> _INFORMATION GIVEN_

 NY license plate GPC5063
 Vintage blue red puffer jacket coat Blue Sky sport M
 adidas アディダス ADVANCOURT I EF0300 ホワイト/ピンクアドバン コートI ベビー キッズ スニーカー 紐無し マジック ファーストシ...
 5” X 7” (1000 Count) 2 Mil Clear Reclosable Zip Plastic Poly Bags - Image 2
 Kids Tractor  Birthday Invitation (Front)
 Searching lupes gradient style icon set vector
==
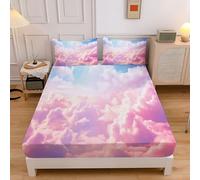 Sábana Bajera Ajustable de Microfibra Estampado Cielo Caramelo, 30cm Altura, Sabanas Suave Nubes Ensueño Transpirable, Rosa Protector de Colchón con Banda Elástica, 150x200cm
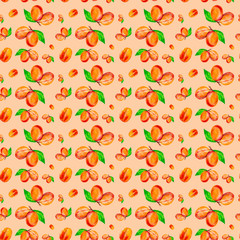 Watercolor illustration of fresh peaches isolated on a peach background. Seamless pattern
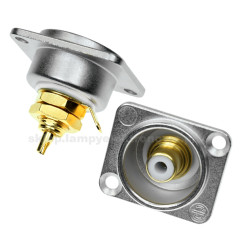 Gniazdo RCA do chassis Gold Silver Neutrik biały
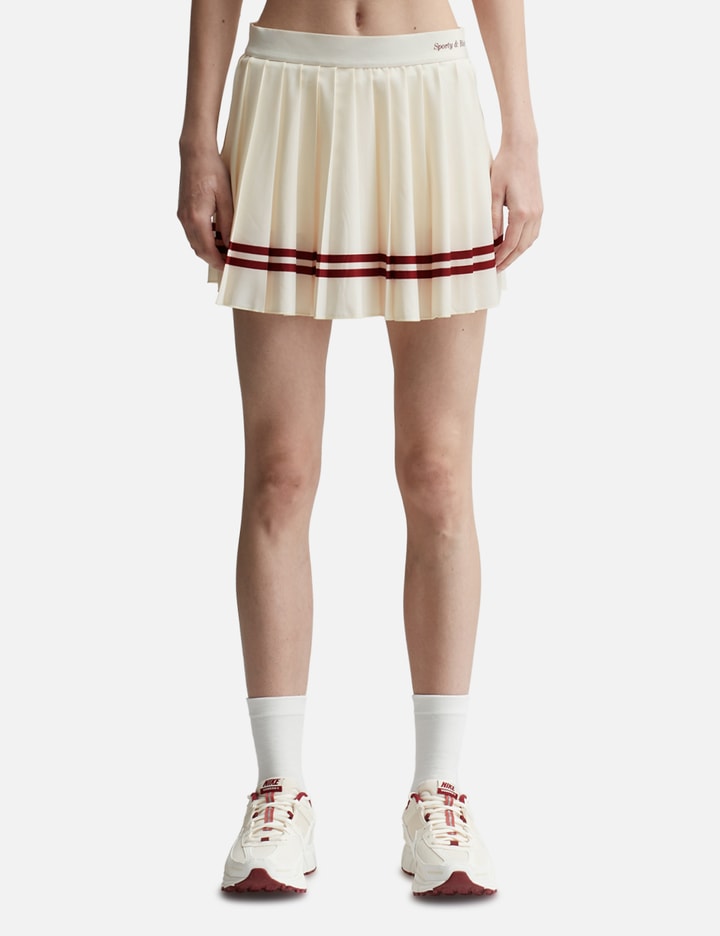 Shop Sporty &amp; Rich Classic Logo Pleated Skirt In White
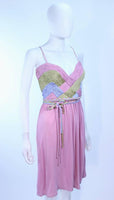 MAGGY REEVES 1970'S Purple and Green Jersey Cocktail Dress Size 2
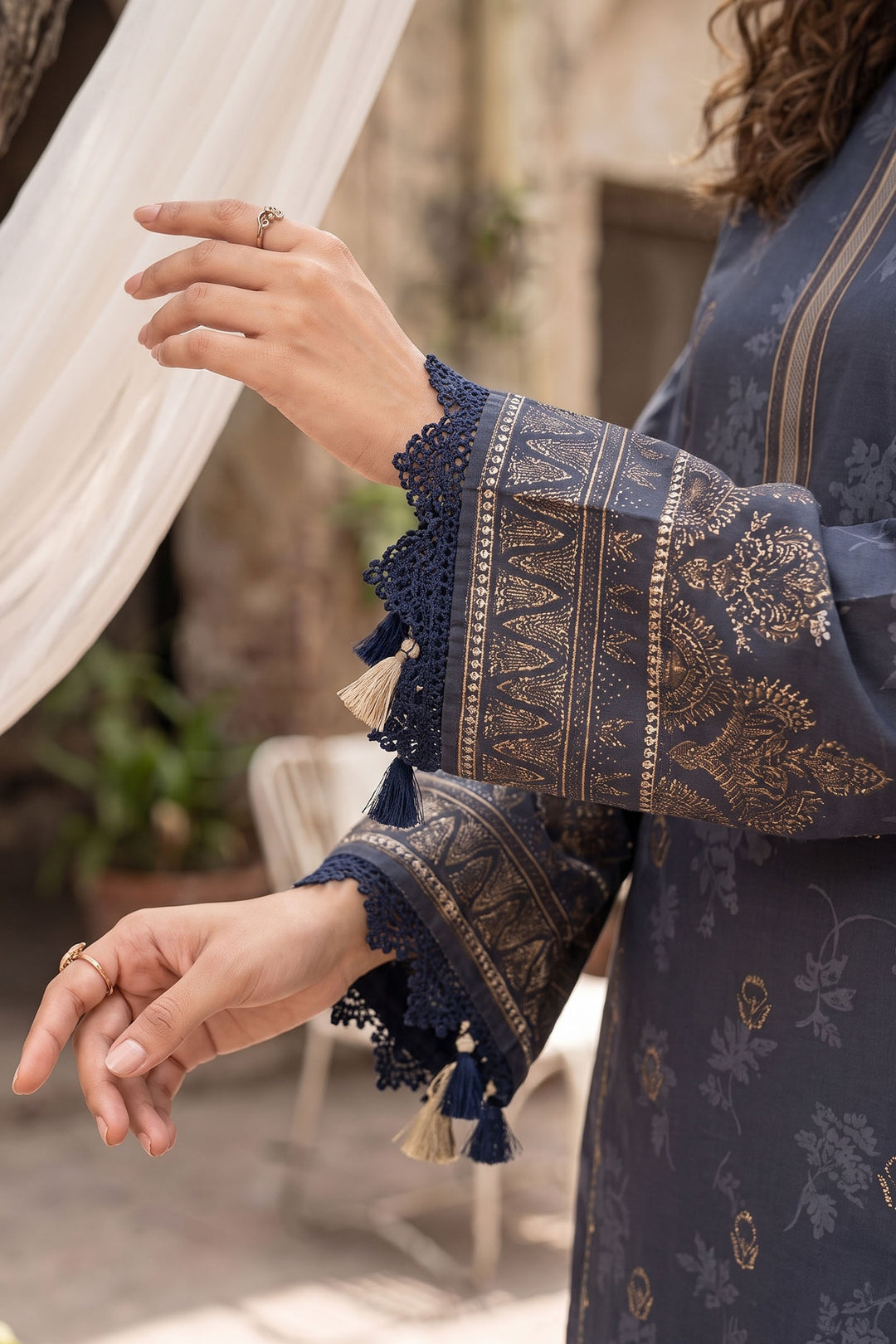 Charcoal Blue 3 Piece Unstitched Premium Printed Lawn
...
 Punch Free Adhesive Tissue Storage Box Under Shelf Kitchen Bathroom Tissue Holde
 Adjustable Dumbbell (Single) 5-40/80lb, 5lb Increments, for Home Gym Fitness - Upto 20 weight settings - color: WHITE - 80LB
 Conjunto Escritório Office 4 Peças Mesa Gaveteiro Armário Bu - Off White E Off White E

> _EXERCISE DETAILS_
Transcribe, exactly and without additions, the lines of the records above, beginning with the line that contains "NY license plate GPC5063" and ending with the line that contains "Searching lupes gradient", both included.

> _THE COMPLETED TASK_
 NY license plate GPC5063
 Vintage blue red puffer jacket coat Blue Sky sport M
 adidas アディダス ADVANCOURT I EF0300 ホワイト/ピンクアドバン コートI ベビー キッズ スニーカー 紐無し マジック ファーストシ...
 5” X 7” (1000 Count) 2 Mil Clear Reclosable Zip Plastic Poly Bags - Image 2
 Kids Tractor  Birthday Invitation (Front)
 Searching lupes gradient style icon set vector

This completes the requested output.